*What to work on:*
Find "HCP Formulas - Synovera", then copy its line and every later line of the entries exactly through the end, leaving all pictures out.

─── Data shown ───

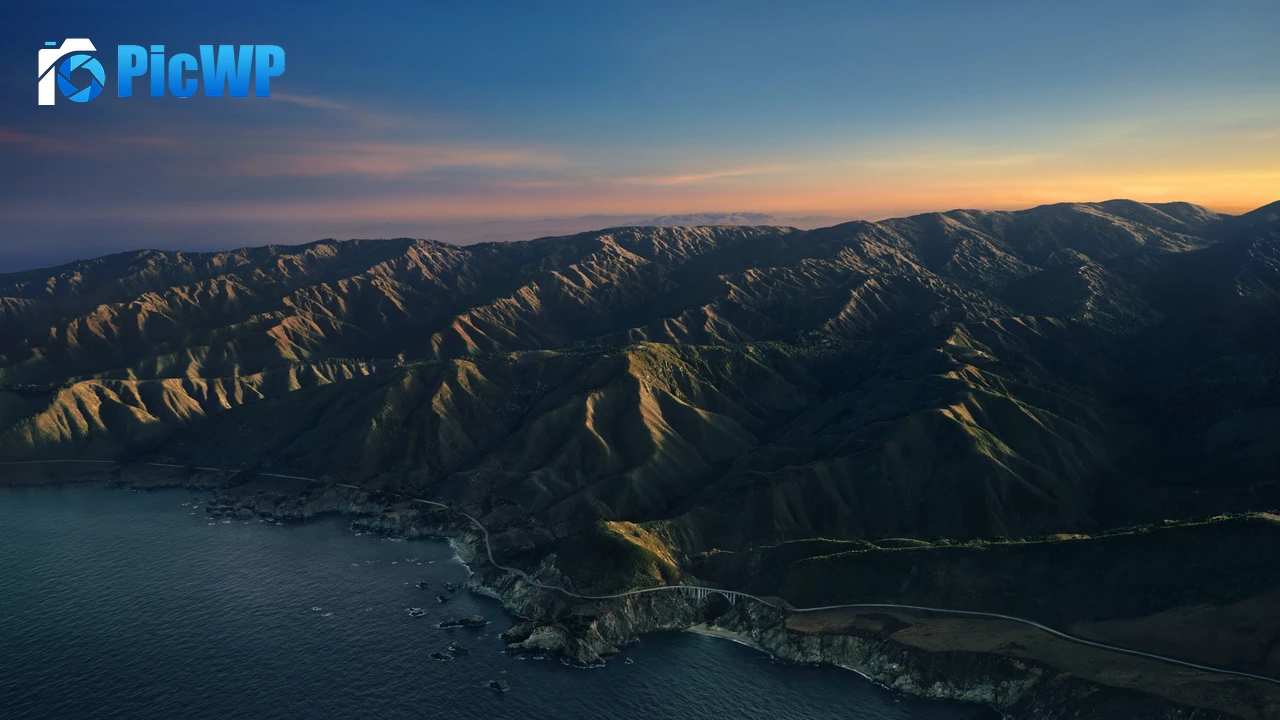 Big Sur Dawn 4K PC Wallpaper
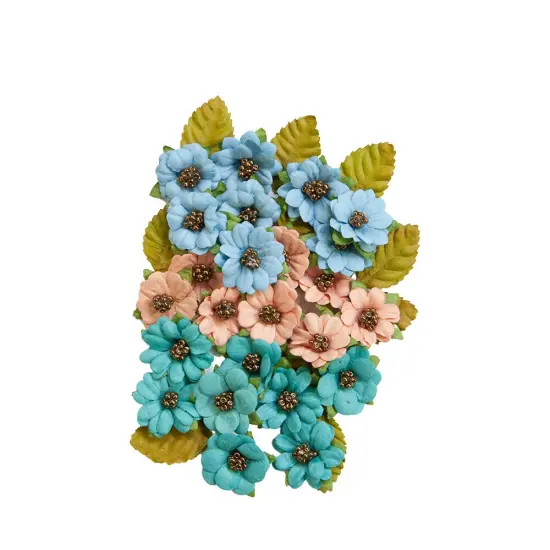 Painted Floral Collection Flowers - Painted Beauties - 36 Pcs, 1" {1}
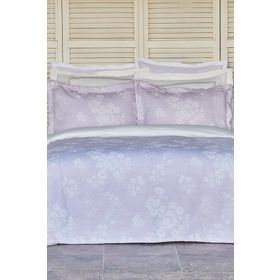 Karaca Home Charleen Lila Çift Kişilik Yatak Örtüsü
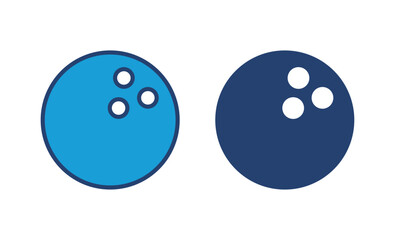 Bowling icon vector. bowling ball and pin icon. bowling pins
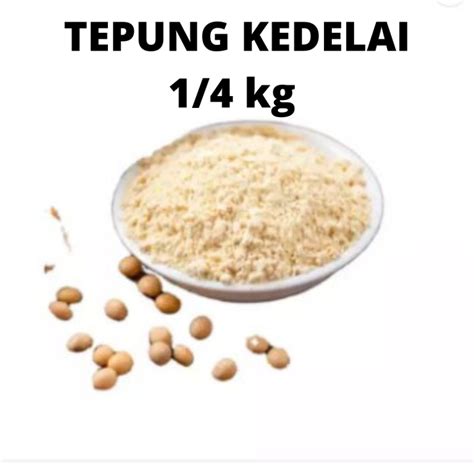 Tepung Kedelai Kemasan 1 4 Kg Gluten Free MPASI Digiling Tanpa Kulit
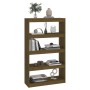 Honey brown pine shelf/space divider 80x30x135.5 cm by vidaXL, Bookcases and shelves - Ref: Foro24-808196, Price: 74,15 €, Di...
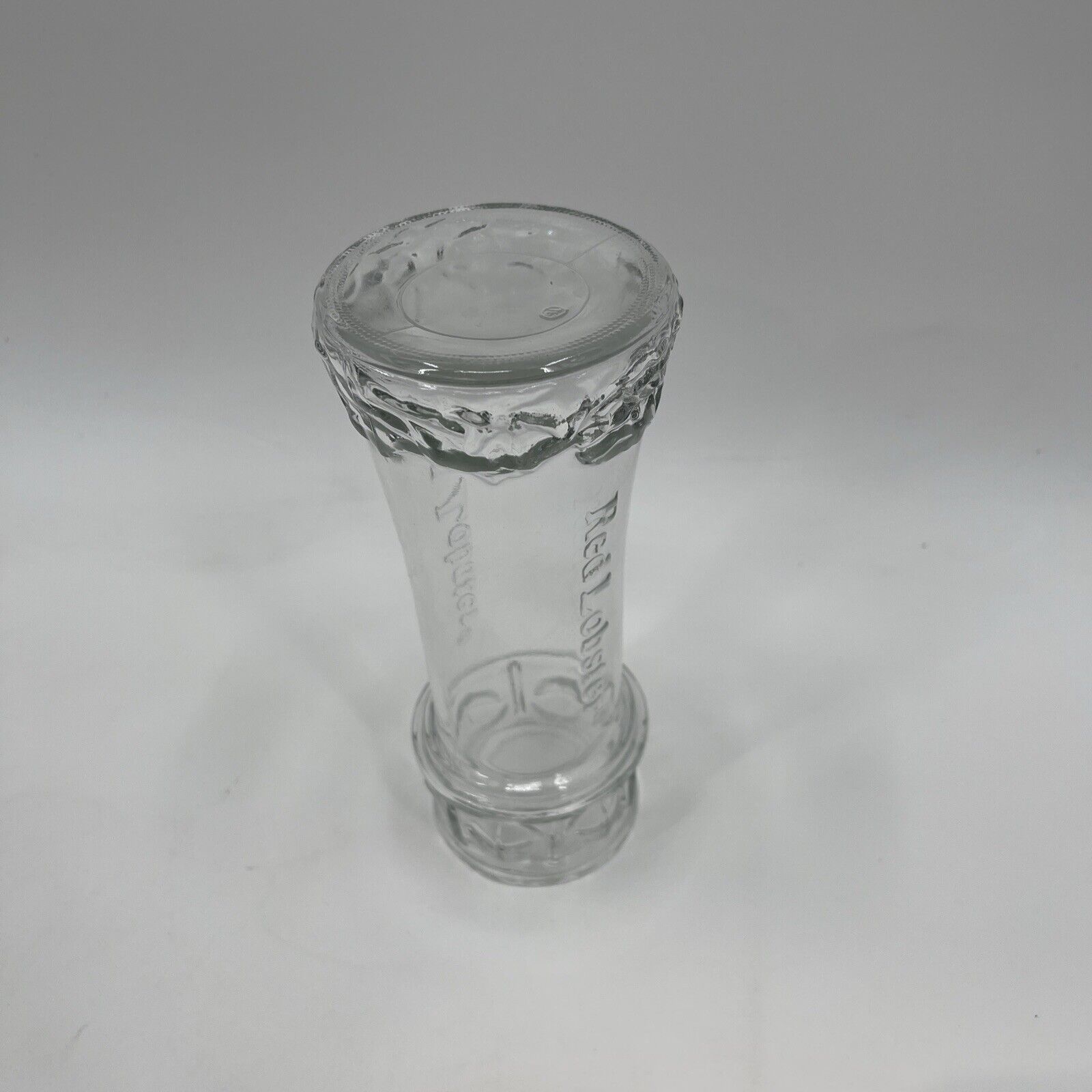 Vintage Red Lobster Restaurant Clear Lighthouse Glass 7.5" Collectible Souvenir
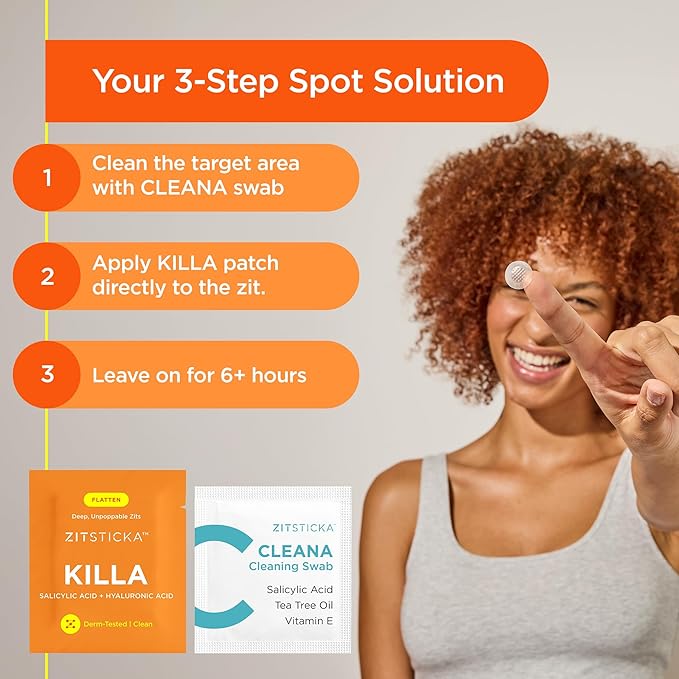 ZitSticka Killa Acne Patches for Face - World's Most Potent Pimple Patch with Fast-Acting Microdarts - Starts Working within 2 Hours for Deep, Early-Stage Zits - 20 Count-Velvo Beauty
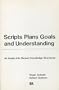 Scripts, Plans, Goals and Understanding: An Inquiry into Human Knowledge Structures (The Artificial intelligence series)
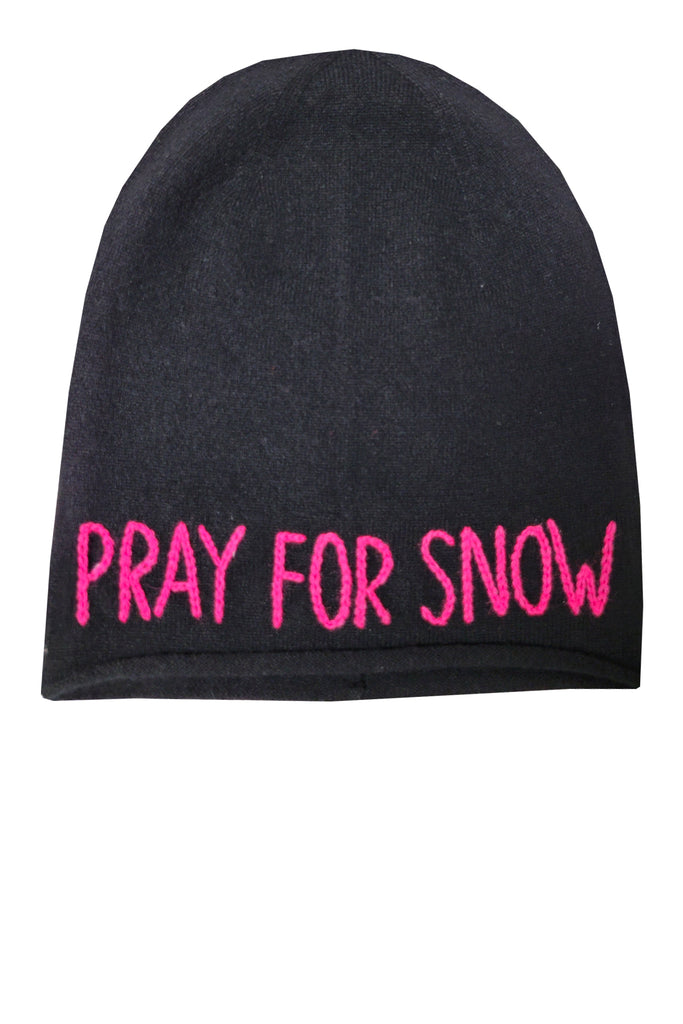 Bonfire Cashmere Beanie with Hand Stitch Embroidery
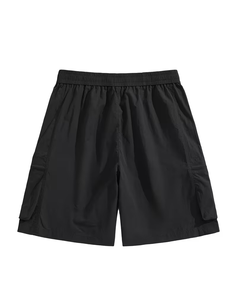 Men's Solid Color Knitted Polo Shirt and Shorts Set Casual Summer Wear - Product Image 3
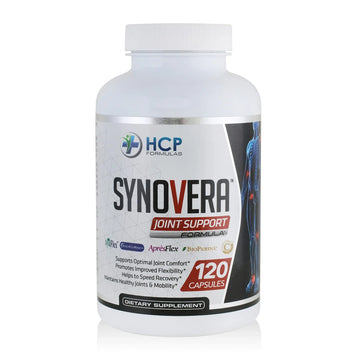 HCP Formulas - Synovera - Joint Support Complex with Turmeric Extract & Collagen - Mobility & Flexibility - Healthy Joints, Tendon, Ligament, and Synovial Tissue - Dietary Supplement - 120 Caps HCP Formulas uk supplements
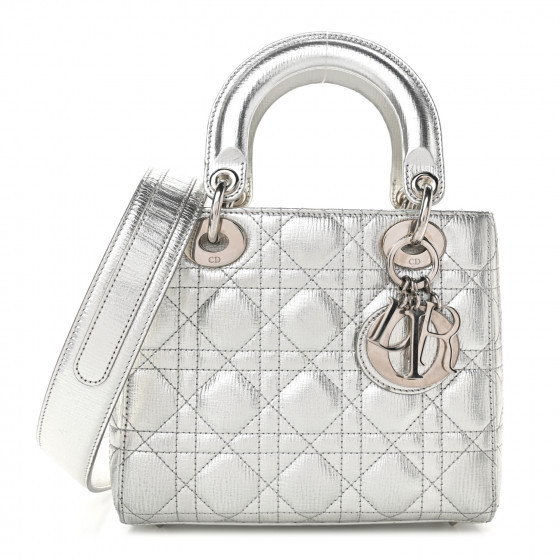 CHRISTIAN DIOR

Metallic Grained Calfskin Cannage My ABCDior Lady Dior Silver | Fashionphile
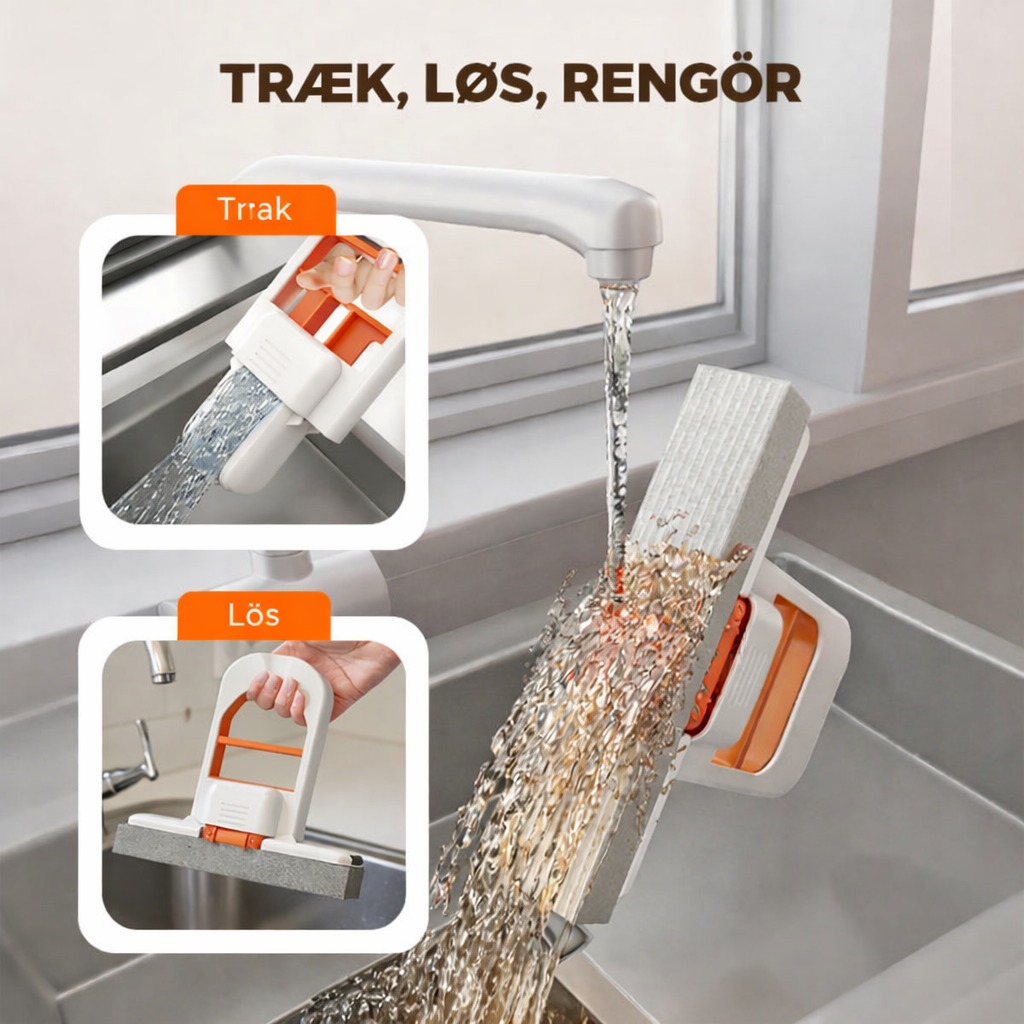 SmartMop™ 🧹✨Mini bærbar selvvridende moppe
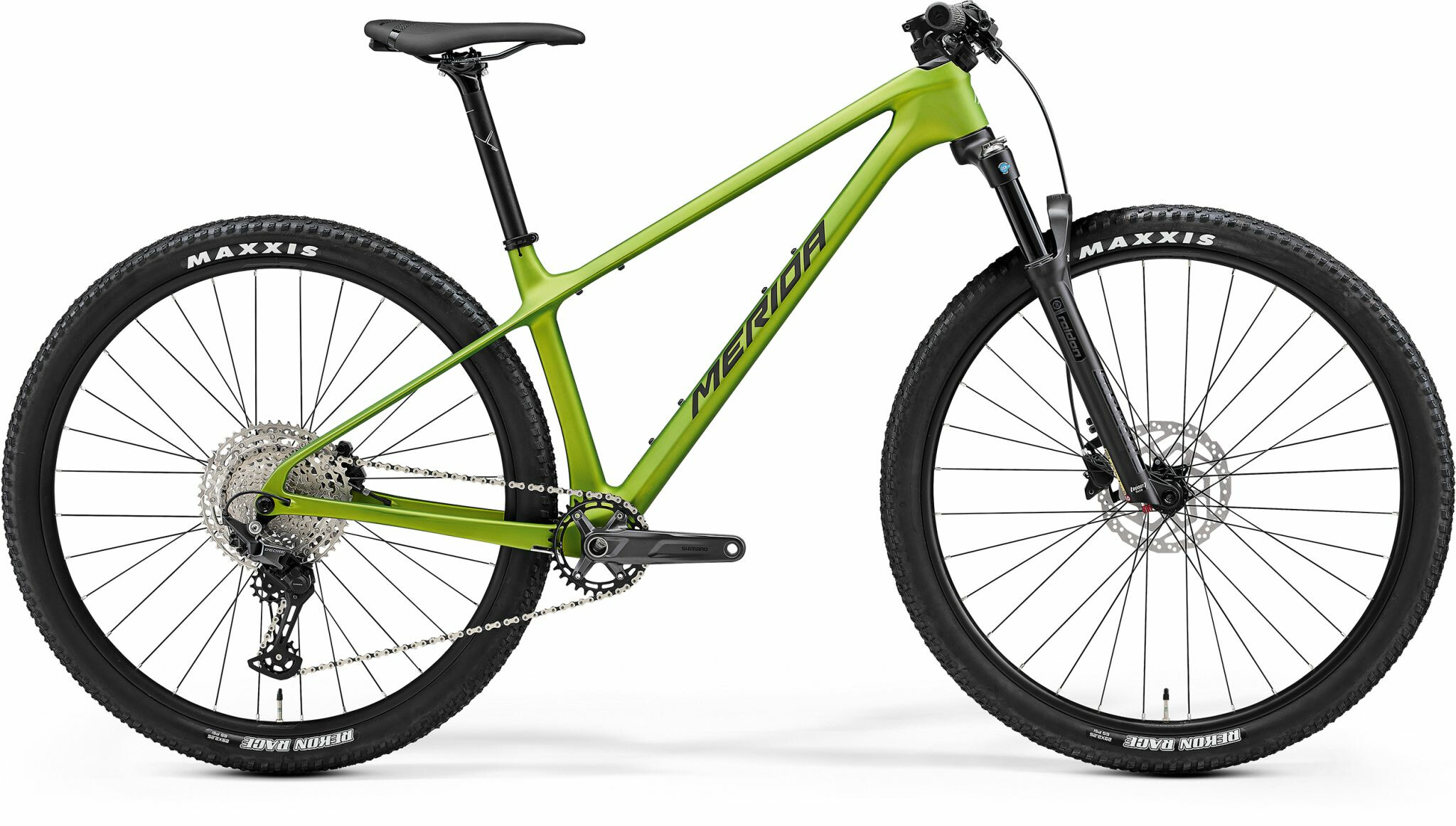 BIG NINE 3000 MATT FALL GREEN/BLACK/SILVER GREEN XXL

───

*Task response:*
 HCP Formulas - Synovera - Joint Support Complex with Turmeric Extract & Collagen - Mobility & Flexibility - Healthy Joints, Tendon, Ligament, and Synovial Tissue - Dietary Supplement - 120 Caps HCP Formulas uk supplements
 CHRISTIAN DIOR

Metallic Grained Calfskin Cannage My ABCDior Lady Dior Silver | Fashionphile
 SmartMop™ 🧹✨Mini bærbar selvvridende moppe
 BIG NINE 3000 MATT FALL GREEN/BLACK/SILVER GREEN XXL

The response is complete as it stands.